Employee Experience. A strategic practice.

30 November 2025 · by Ole Bülow

Strategic practices

Egiss enhances Employee Experience by embedding consistency into global device standards, provisioning quality, delivery timelines, and lifecycle refresh. Through disciplined operations and structured governance, Egiss ensures employees receive reliable workplace technology regardless of geography.

The eight strategic practices

Global enterprises do not optimise workplace technology for one priority alone. They balance risk, cost, experience, compliance, sustainability, and operational control - often across dozens of countries.

Over decades of supporting complex international environments, we have learned that eight disciplines consistently define success. These are what we call our strategic practices.

They are not service categories. They are the principles that guide how we design programmes, structure delivery models, and advise enterprise IT leadership.

No single practice wins in isolation.

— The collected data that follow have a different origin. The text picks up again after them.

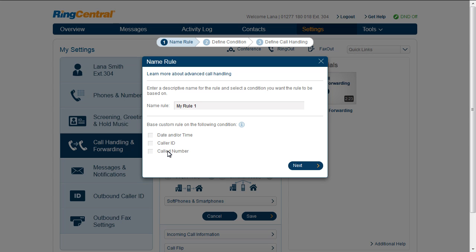Select Called Number when you want to create a rule based on the phone number that your client dialed. For example, you might have a specific number being used for a marketing campaign. You can set a single rule or a combination of rules. Advanced call handling rules will override your regular call handling.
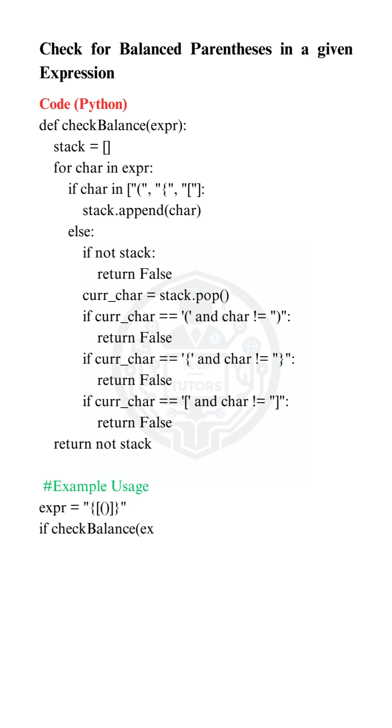After processing all characters, we return true if the stack is empty, meaning all brackets were properly matched.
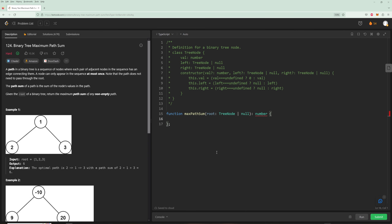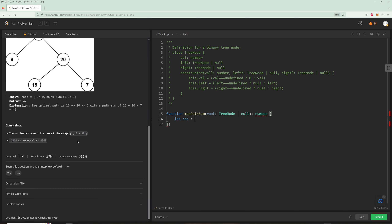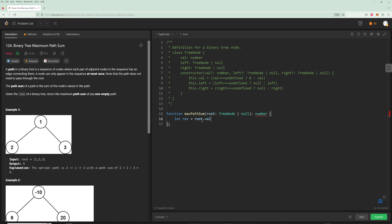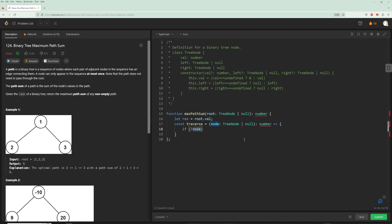Now we have enough to code it up. First we initialize the result equal to root.val, because there's at least one node, so that's our default case. Now we're going to have a traverse function that takes nodes and null nodes, returning a number. If node is null, we just return zero — the path sum of a null node is zero. Then we get the left and right by calling traverse on node.left and node.right.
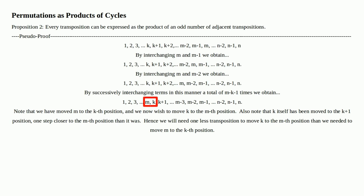Because they're no longer in order — we've moved them out of order — we will need one less transposition to move K to the M-th position than we needed to move M to the K-th position. In moving M to the K-th position, we pushed K forward one, so it has one less step to go to move K over to where M was.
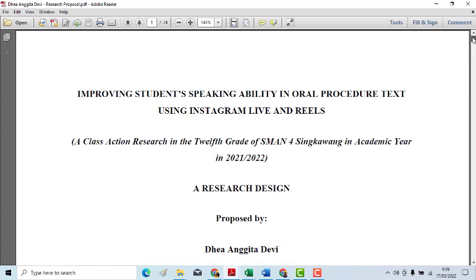We go back to the title — Instagram Live. Whether this is action research or even experimental research, you need to explain the learning process using Instagram Live and Reels. If this is going to be full online — yes, sir — full online, how will it be carried out? For the materials, it's done as usual, explained using Google Meet, and the examples are shared as well.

The right model sits in the balance between them - shaped by your risk profile, regulatory exposure, cost structure, and transformation ambitions.

This article explores one of those eight practices: Employee Experience.

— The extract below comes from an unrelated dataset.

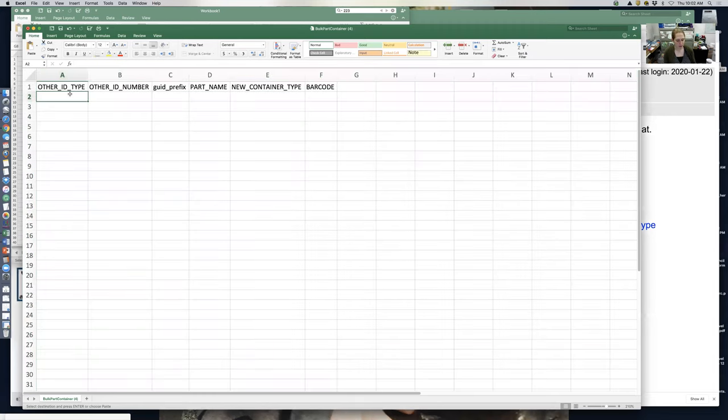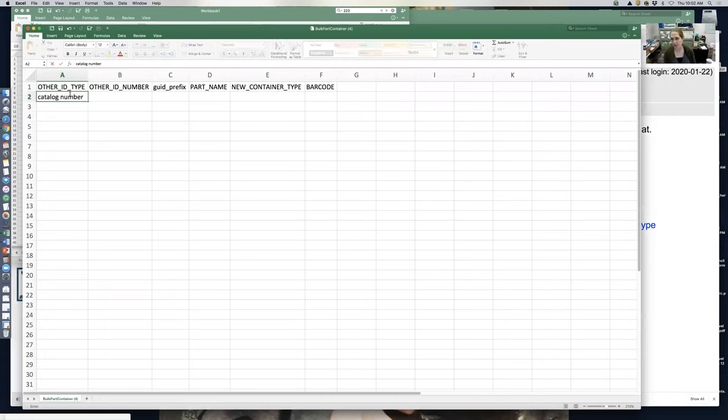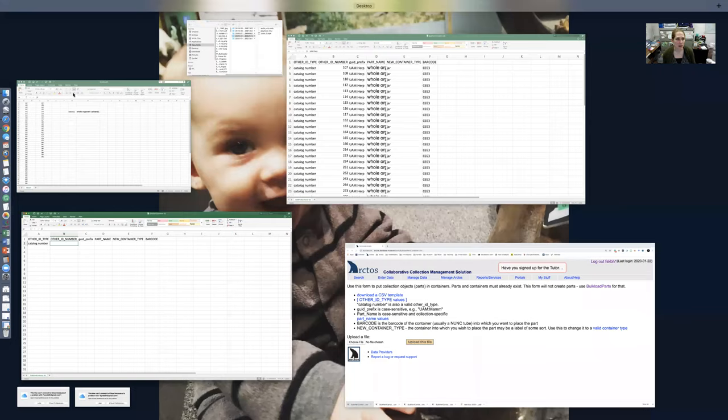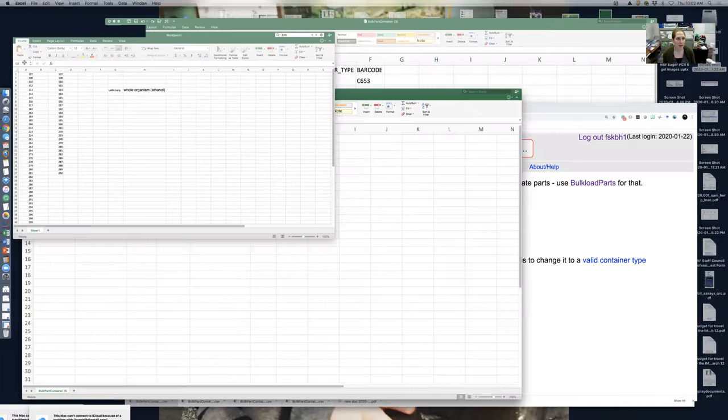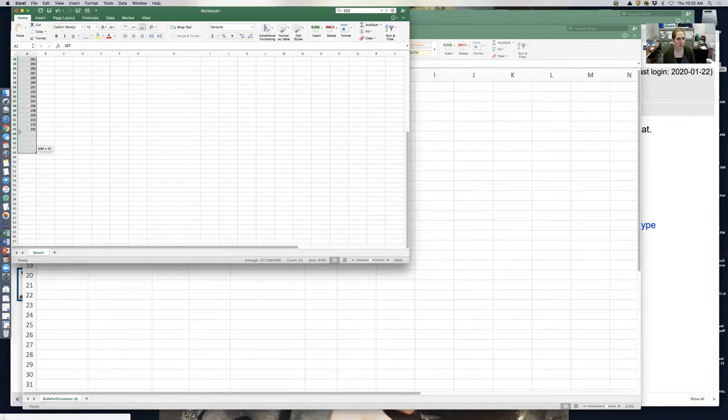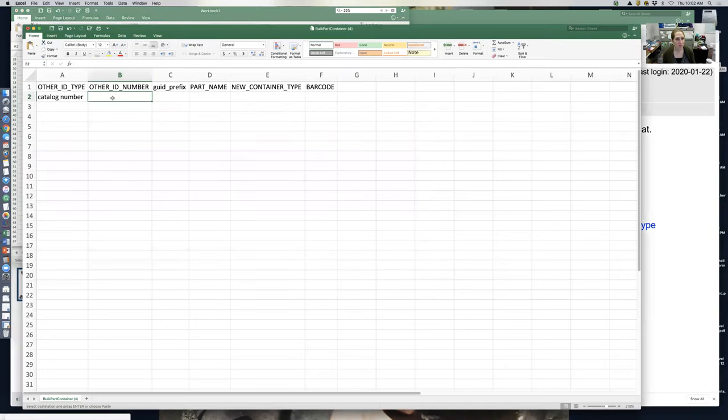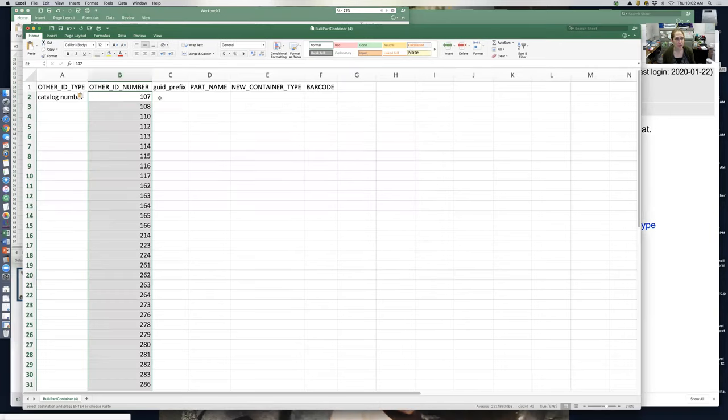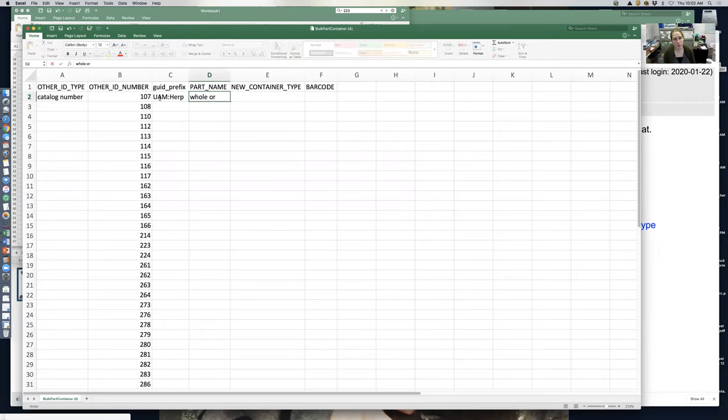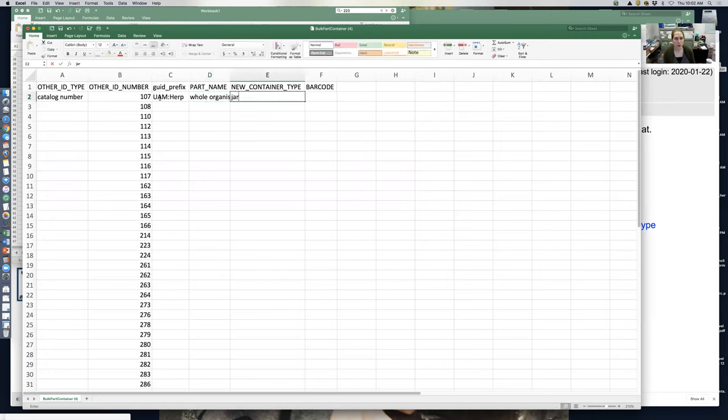What I want is other catalog type, so I'll do catalog number since that's what I have. It can be original ID number or whatever you're working with. I already made a list of them, so I'll copy them. I need other ID number; the prefix is UAMHER. Part name is whole organism ethanol, container type is jar, and the barcode we'll scan in is C53.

Experience begins before the device arrives

Organisations often associate employee experience with software usability or workplace design.

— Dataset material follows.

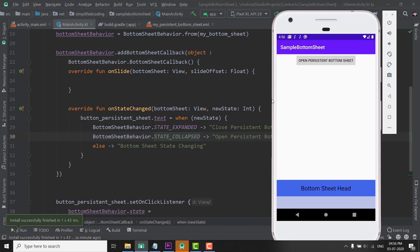That is all for this video. In case you have any question or confusion you can leave your comments below. In the next video we will learn about Modal BottomSheet. Thanks for watching everyone — this is Belal Khan, signing off.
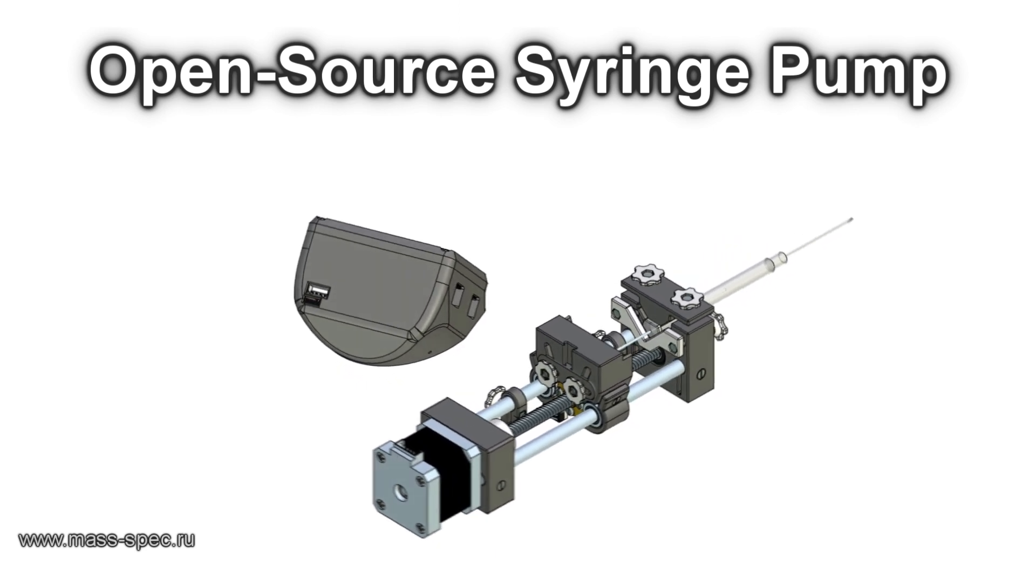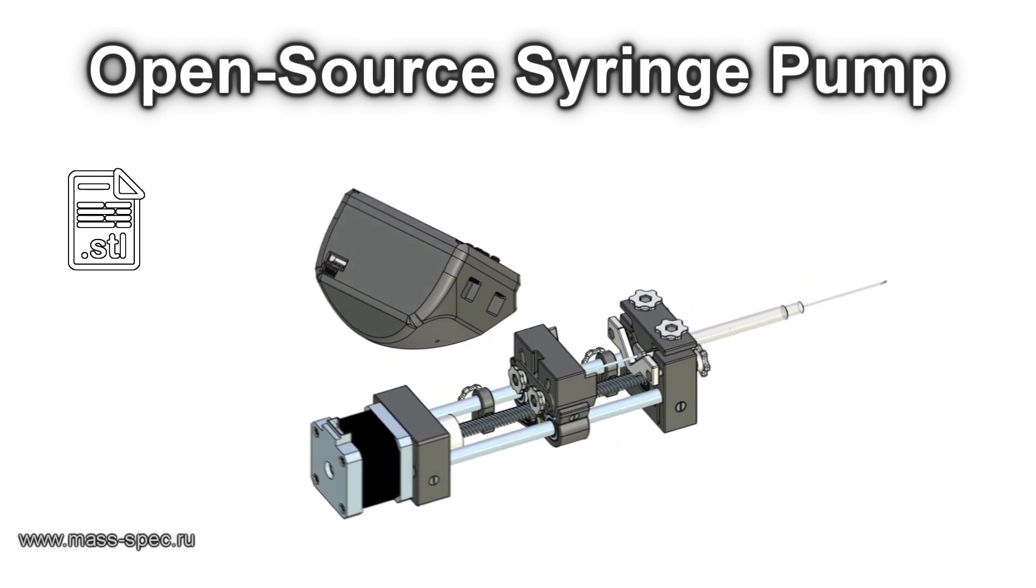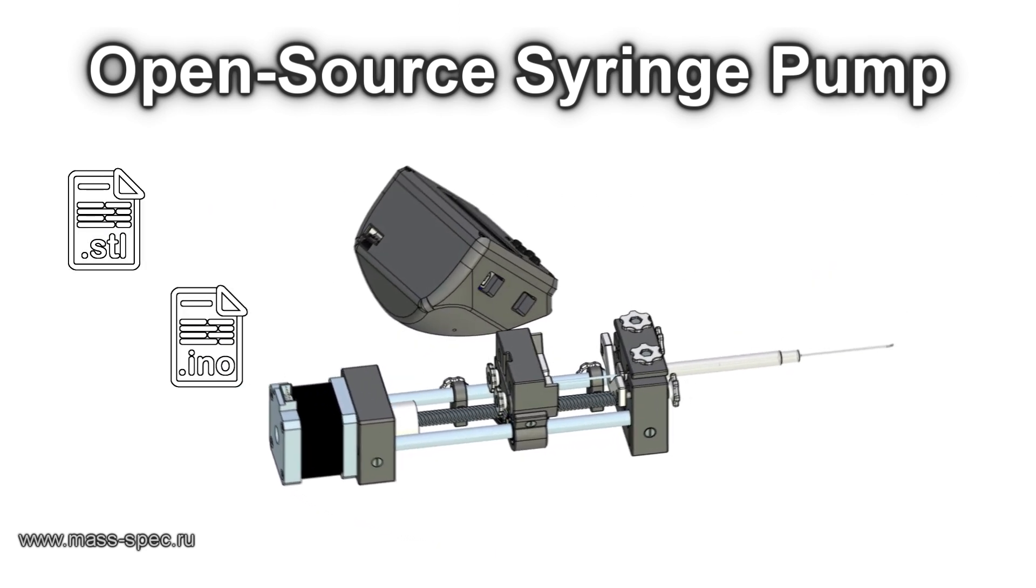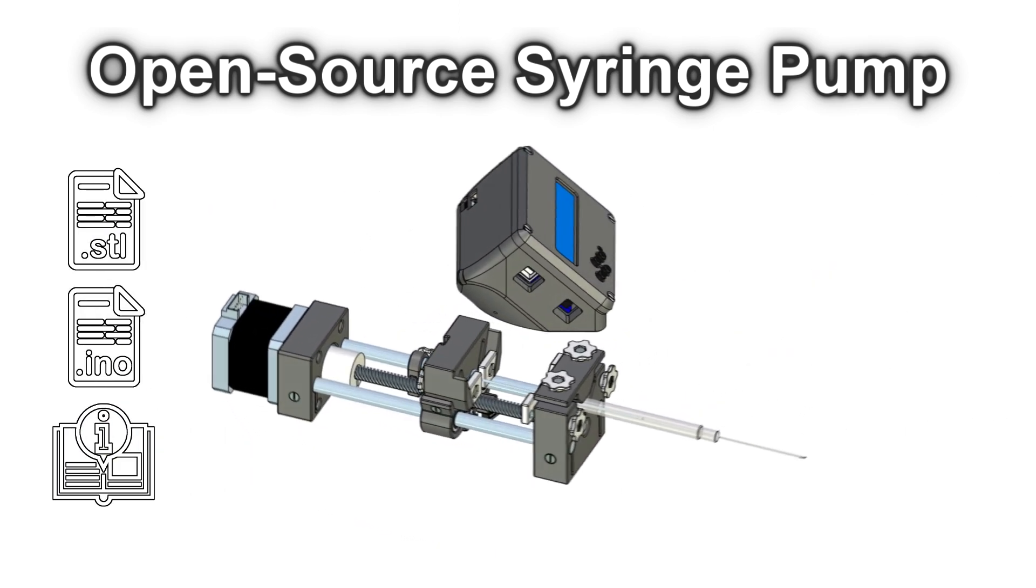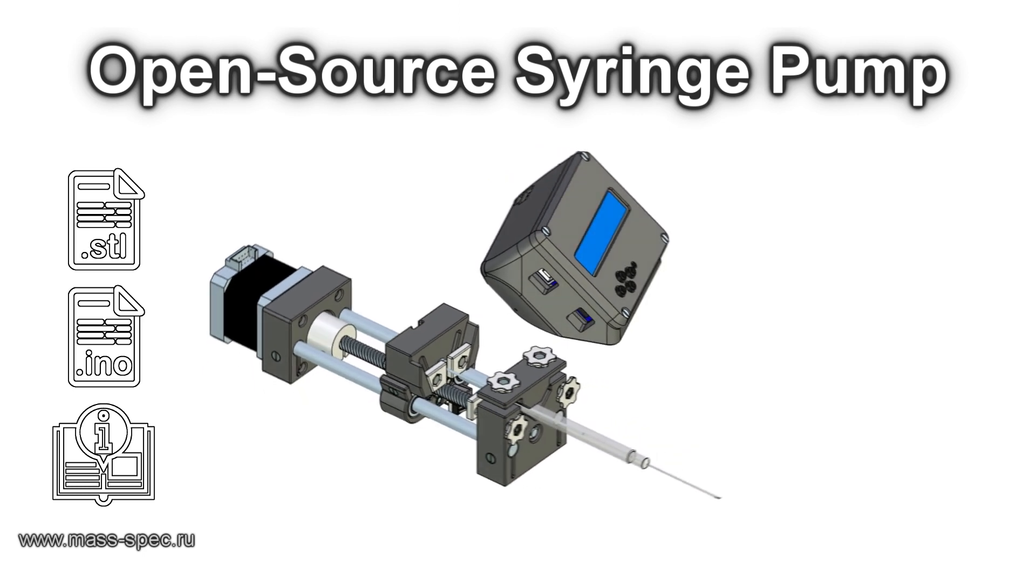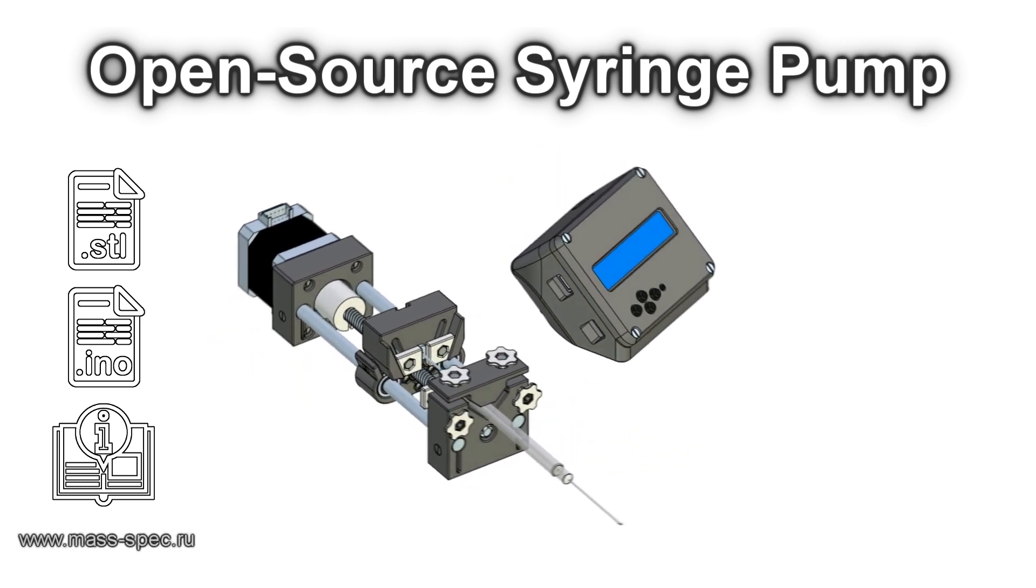STL files, Arduino sketch, assembly and operating instructions are available on the website of our scientific group.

Yet for most employees, their first interaction with IT is physical.

Receiving a laptop on day one.

Replacing a faulty device.

Requesting an upgrade.

Returning equipment at offboarding.

These moments shape perception.

If onboarding is delayed, confidence drops.

If replacements are inconsistent across countries, trust erodes.

If returns are complicated, frustration increases.

Experience is not defined by aspiration.

It is defined by execution.


The operational drivers of experience

Global employee experience suffers when delivery models are fragmented.

Different countries operate different device standards.

Provisioning quality varies by region.

Delivery times fluctuate.

Support processes differ.

Replacement policies lack consistency.

Employees notice.

A global organisation cannot claim a unified culture if its workplace technology experience differs significantly by geography.

And in distributed, hybrid environments, consistency matters more than ever.

Experience is operationally engineered.

Designing experience into the lifecycle

At Egiss, Employee Experience is one of our eight strategic practices because it must be designed into every stage of the lifecycle.

It begins with globally aligned device standards - ensuring employees receive consistent, approved equipment regardless of location.

It continues through structured provisioning - asset tagging, imaging, welcome kit packaging, labelling, and quality control executed under controlled environments.

It is reinforced through predictable delivery times supported by global hubs and local VAT registrations that reduce customs friction.

It extends into lifecycle refresh - ensuring devices are replaced at the right time, not when performance has already degraded.

And it concludes with structured offboarding and recovery - simple, secure, and compliant.

Experience improves when operations are disciplined.


The link between experience and governance

There is often a perceived trade-off between control and flexibility.

In reality, structured governance strengthens experience.

Global Standards reduce confusion.

Lifecycle Management prevents outdated devices.

Security ensures trust.

Supplier Rationalisation reduces service inconsistency.

Economy at Scale enables faster availability.

Integrated Transformation ensures asset data accuracy.

Sustainability reinforces responsible handling.

When the eight practices work together, employee experience becomes predictable rather than dependent on local variance.

Consistency builds trust.


The right balance

Employee Experience must not override security.

Security must not compromise usability.

Cost efficiency must not delay onboarding.

The right balance ensures the model supports employees without weakening governance.

Over-customisation creates operational instability.

Over-standardisation can create rigidity.

The strongest global workplace environments combine structured standards with thoughtful execution.


Why this matters now

Hybrid work has increased geographic dispersion.

Talent competition has intensified.

First-day impressions carry more weight.

Employees expect seamless digital experiences in their personal lives.

They expect similar consistency at work.

Delays, inconsistencies, and manual processes are no longer tolerated as normal operational friction.

Workplace technology experience is now a visible reflection of organisational maturity.


Closing perspective

Employee Experience is not a soft concept.

It is the outcome of disciplined operations, structured governance, and lifecycle control.

That is why it is one of our eight strategic practices.

Because when the lifecycle model works, employees notice.

And when it does not, they notice even more.